::: AVAILABLE RECORDS

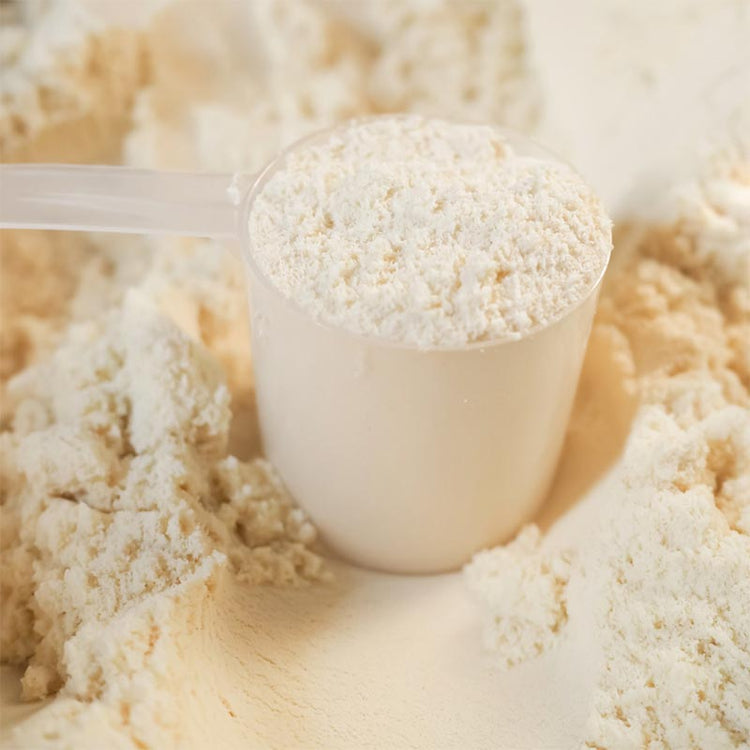 Vita Sol Organic Plant Protein Vanilla Powder 465g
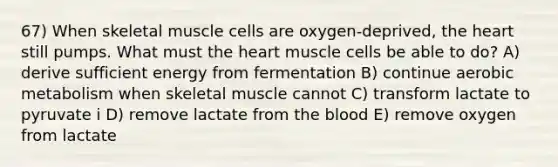 67) When skeletal muscle cells are oxygen-deprived, the heart still pumps. What must the heart muscle cells be able to do? A) derive sufficient energy from fermentation B) continue aerobic metabolism when skeletal muscle cannot C) transform lactate to pyruvate i D) remove lactate from the blood E) remove oxygen from lactate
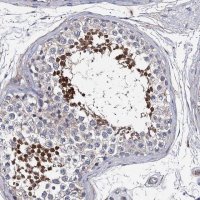 Anti-PPP1R32 antibody produced in rabbit 
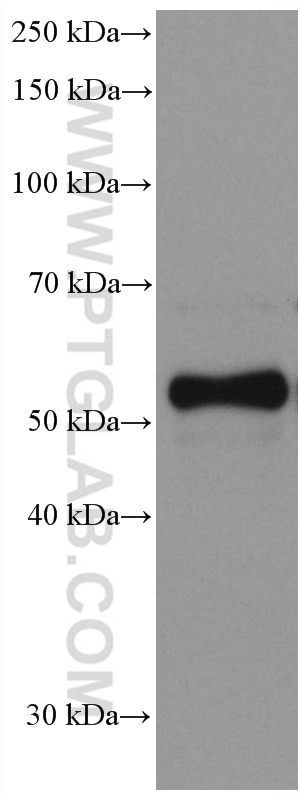 Western Blot (WB) analysis of pig adrenal gland tissue using Chromogranin A Monoclonal antibody (60135-2-Ig)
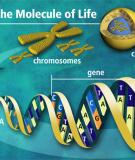 Bài giảng Điều hòa biểu hiện gene ở eukaryote 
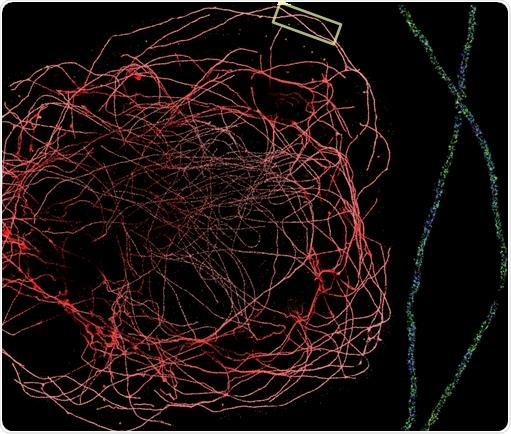 DNA PAINT allows sub-10 nm localization precision, making it one of the highest precision microscope techniques available. To the left is a DNA PAINT experiment performed on the Vutara 352 microscope with a water immersion 1.2 NA objective. The image shows a whole BS-C-1 cell’s tubulin network labeled with secondary antibodies conjugated to a DNA PAINT secondary antibody. On the right is a zoomed-in section of the tubulin network (boxed region). The lumen of the microtubule is clearly visible. DNA PAINT allows sub-10 nm localization precision, making it one of the highest precision microscope techniques available. To the left is a DNA PAINT experiment performed on the Vutara 352 microscope with a water immersion 1.2 NA objective. The image shows a whole BS-C-1 cell’s tubulin network labeled with secondary antibodies conjugated to a DNA PAINT secondary antibody. On the right is a zoomed-in section of the tubulin network (boxed region). The lumen of the microtubule is clearly visible.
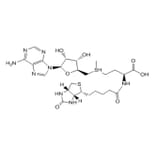 Chemical Structure - Bio-SAM from Arthus Biosystems (ACT00202) - Antibodies.com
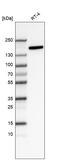 Integrin Subunit Alpha 2 antibody, AMAb91469, Atlas Antibodies, Western Blot image 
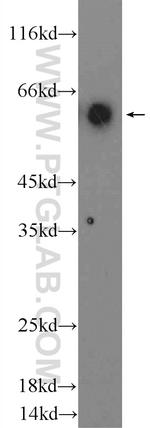 CD80/B7-1 Antibody in Western Blot (WB)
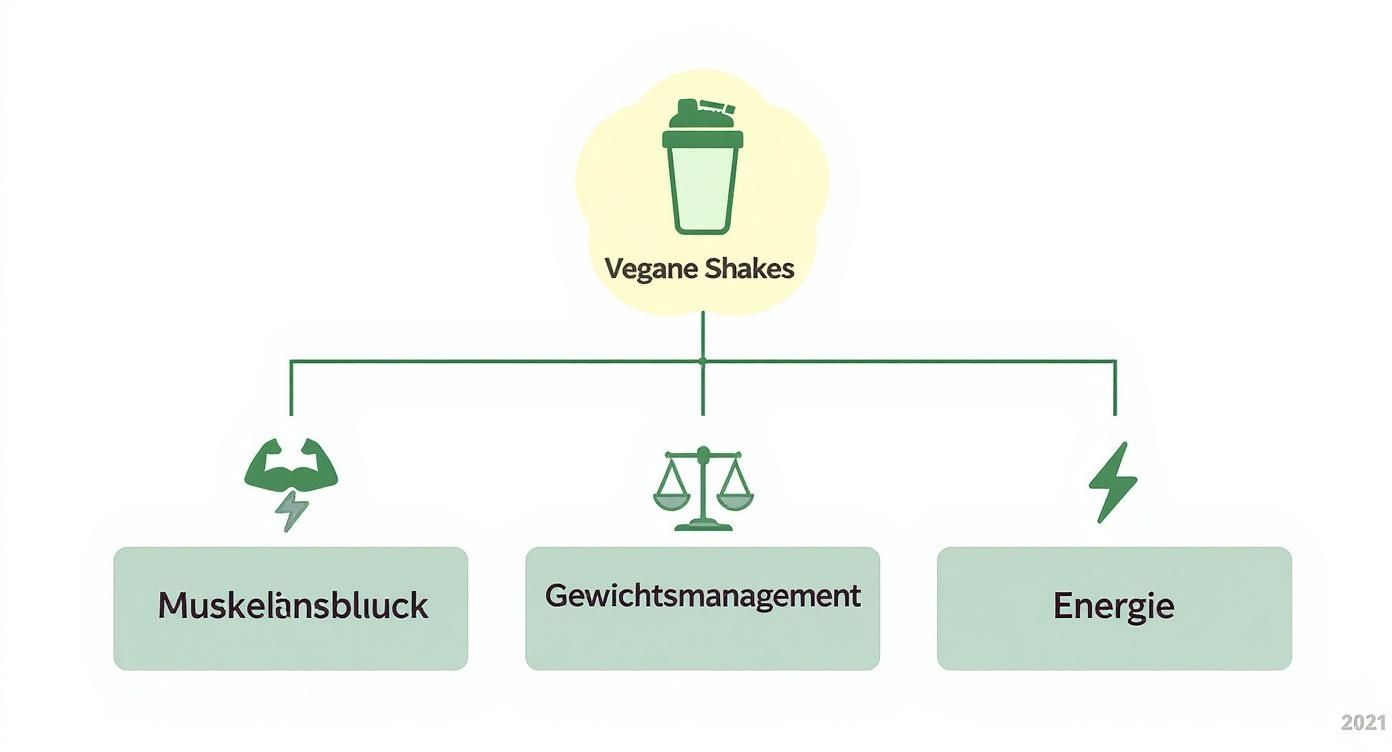Infographic about vegan protein shake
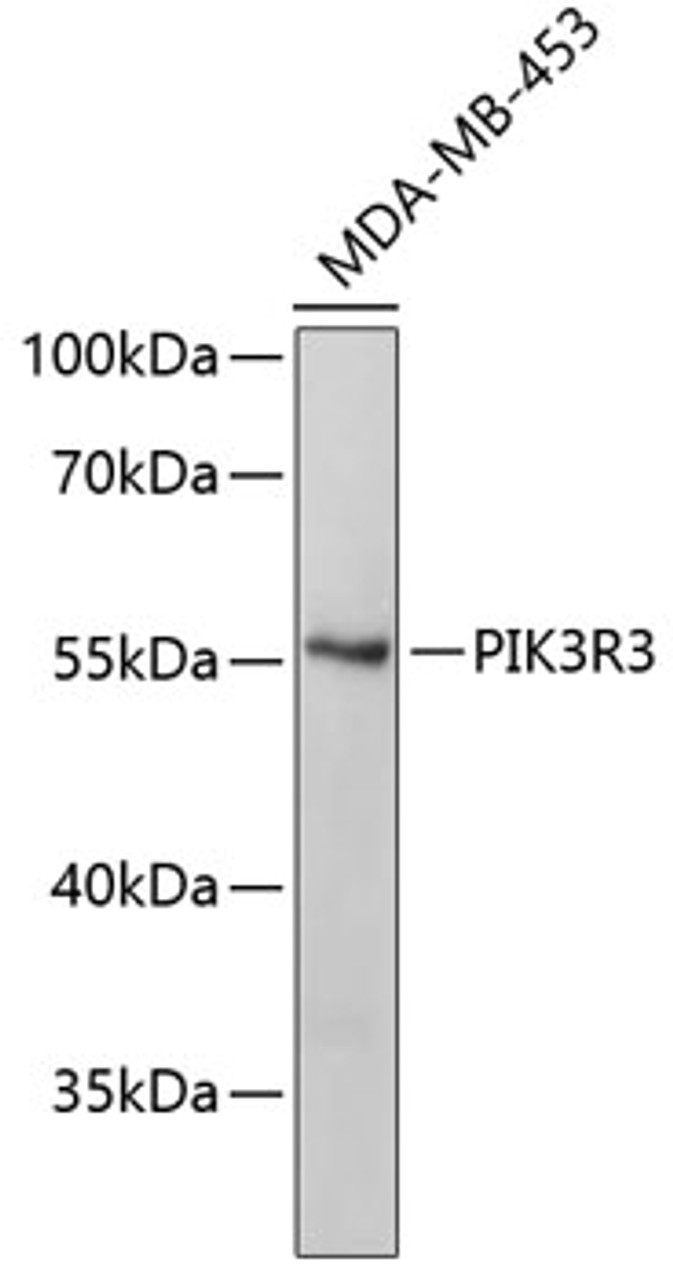 Western blot analysis of extracts of MDA-MB-453 cells, using PIK3R3 antibody (19-121) .<br/>Secondary antibody: HRP Goat Anti-Rabbit IgG (H+L) at 1:10000 dilution.<br/>Lysates/proteins: 25ug per lane.<br/>Blocking buffer: 3% nonfat dry milk in TBST.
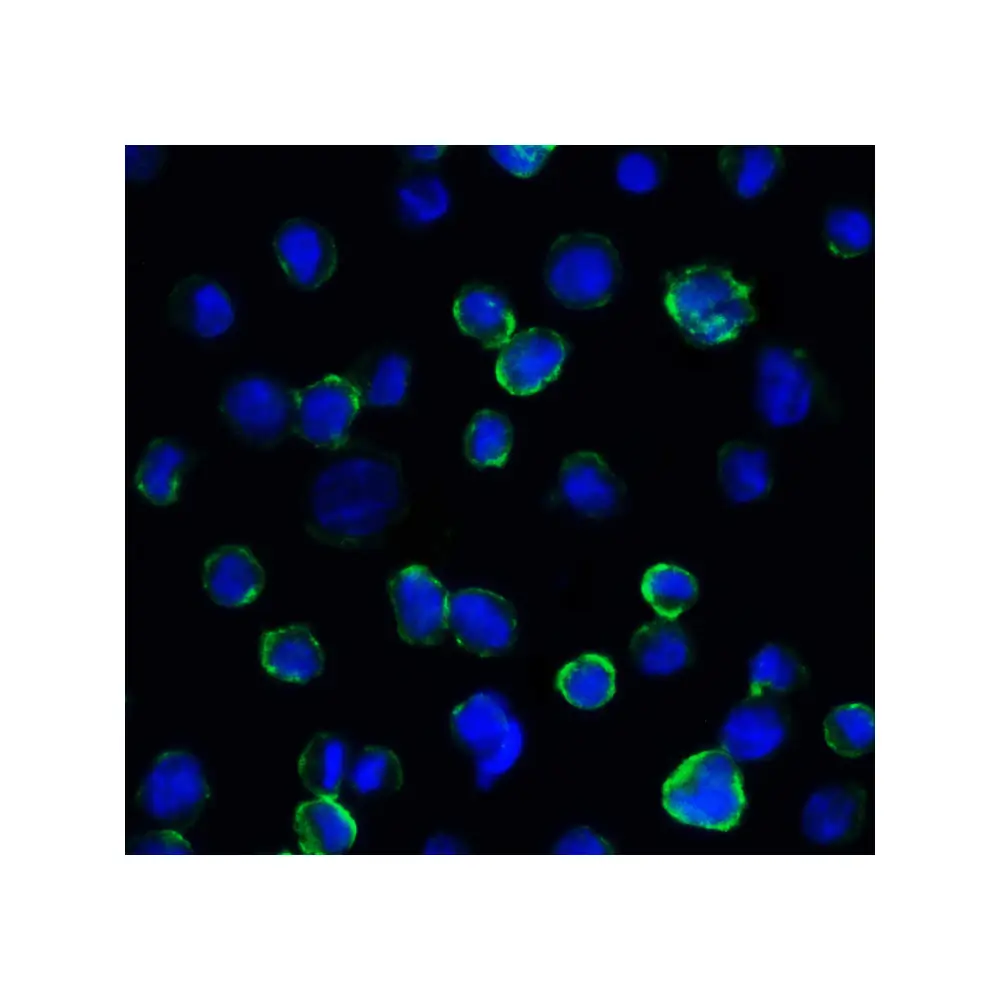 ProSci RF16091 B7H3 Antibody [2H5], ProSci, 0.1 mg/Unit Tertiary Image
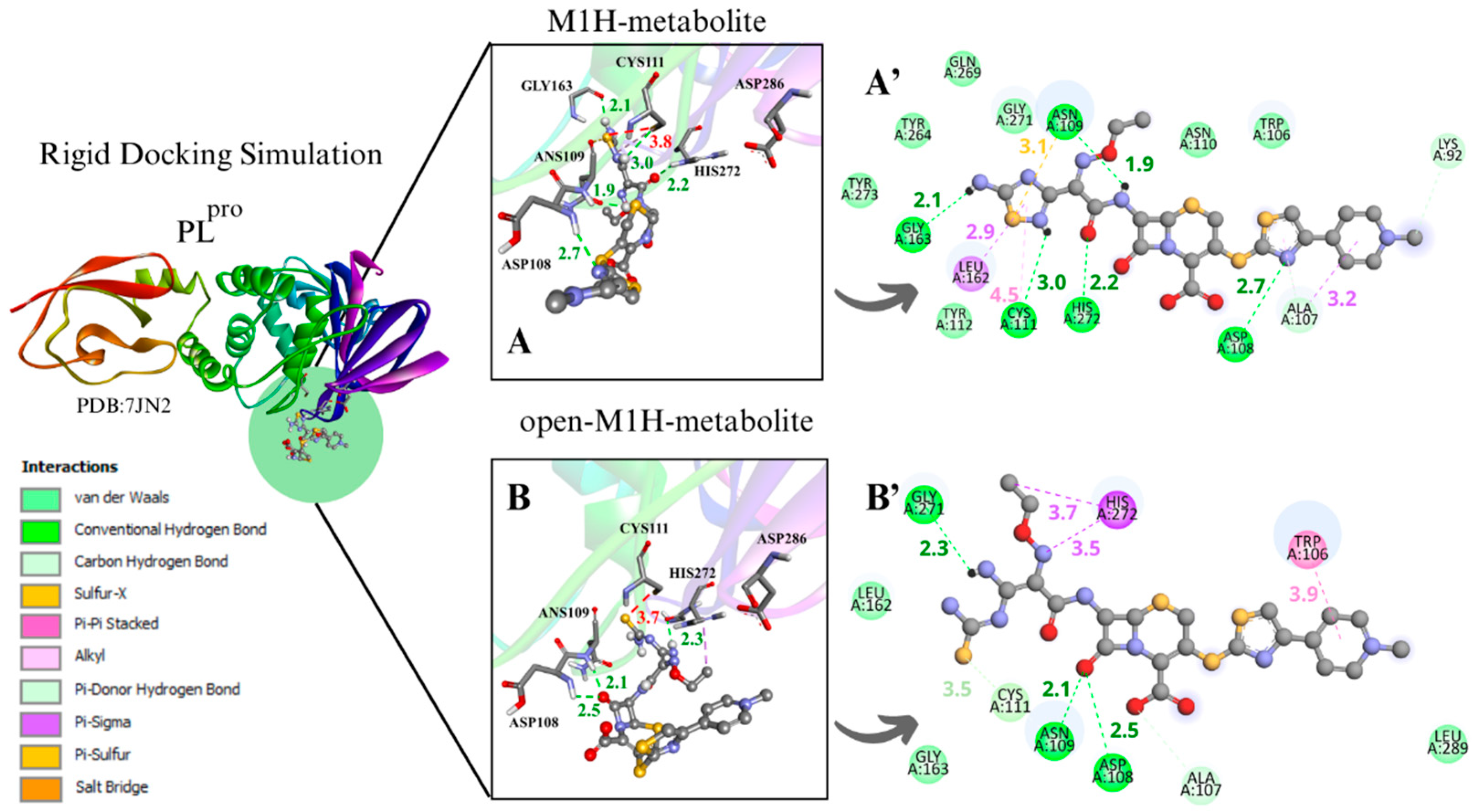 Viruses 17 00491 g005a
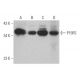 P15RS Antibody (A-3) - Western Blotting - Image 373129 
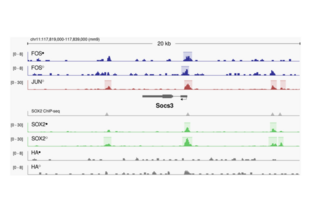Cleavage Under Targets and Release Using Nuclease validation image for anti-c-Fos (c-Fos) (N-Term) antibody (ABIN2682008)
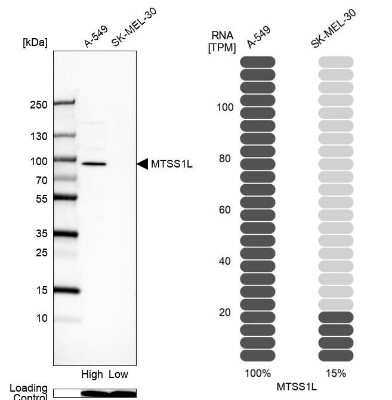 Western Blot: MTSS1L Antibody [NBP2-57037]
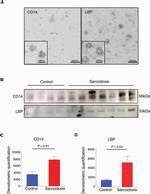 LBP Antibody in Western Blot (WB)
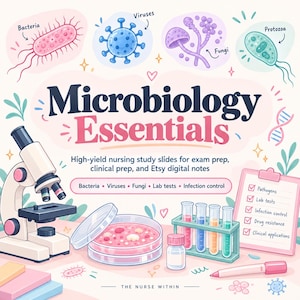 Puede incluir: Una guía de estudio digital titulada Microbiology Essentials con ilustraciones de microscopio, placa de Petri, tubos de ensayo y portapapeles. El texto incluye Bacteria, Viruses, Fungi, Protozoa, Lab tests e Infection control.
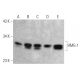 western blotting image from recommended HMG-1/HMGB1 (HAP46.5) monoclonal antibody replacement. Image 368033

::::::

> [WHAT TO DO]: The expected output is an exact copy of the lines from the top of the data above through the line containing "clearly visible. DNA", both included, with every picture omitted.

> [FINAL ANSWER]:
 Vita Sol Organic Plant Protein Vanilla Powder 465g
 67) When skeletal muscle cells are oxygen-deprived, the heart still pumps. What must the heart muscle cells be able to do? A) derive sufficient energy from fermentation B) continue aerobic metabolism when skeletal muscle cannot C) transform lactate to pyruvate i D) remove lactate from the blood E) remove oxygen from lactate
 Anti-PPP1R32 antibody produced in rabbit 
 Western Blot (WB) analysis of pig adrenal gland tissue using Chromogranin A Monoclonal antibody (60135-2-Ig)
 Bài giảng Điều hòa biểu hiện gene ở eukaryote 
 DNA PAINT allows sub-10 nm localization precision, making it one of the highest precision microscope techniques available. To the left is a DNA PAINT experiment performed on the Vutara 352 microscope with a water immersion 1.2 NA objective. The image shows a whole BS-C-1 cell’s tubulin network labeled with secondary antibodies conjugated to a DNA PAINT secondary antibody. On the right is a zoomed-in section of the tubulin network (boxed region). The lumen of the microtubule is clearly visible. DNA PAINT allows sub-10 nm localization precision, making it one of the highest precision microscope techniques available. To the left is a DNA PAINT experiment performed on the Vutara 352 microscope with a water immersion 1.2 NA objective. The image shows a whole BS-C-1 cell’s tubulin network labeled with secondary antibodies conjugated to a DNA PAINT secondary antibody. On the right is a zoomed-in section of the tubulin network (boxed region). The lumen of the microtubule is clearly visible.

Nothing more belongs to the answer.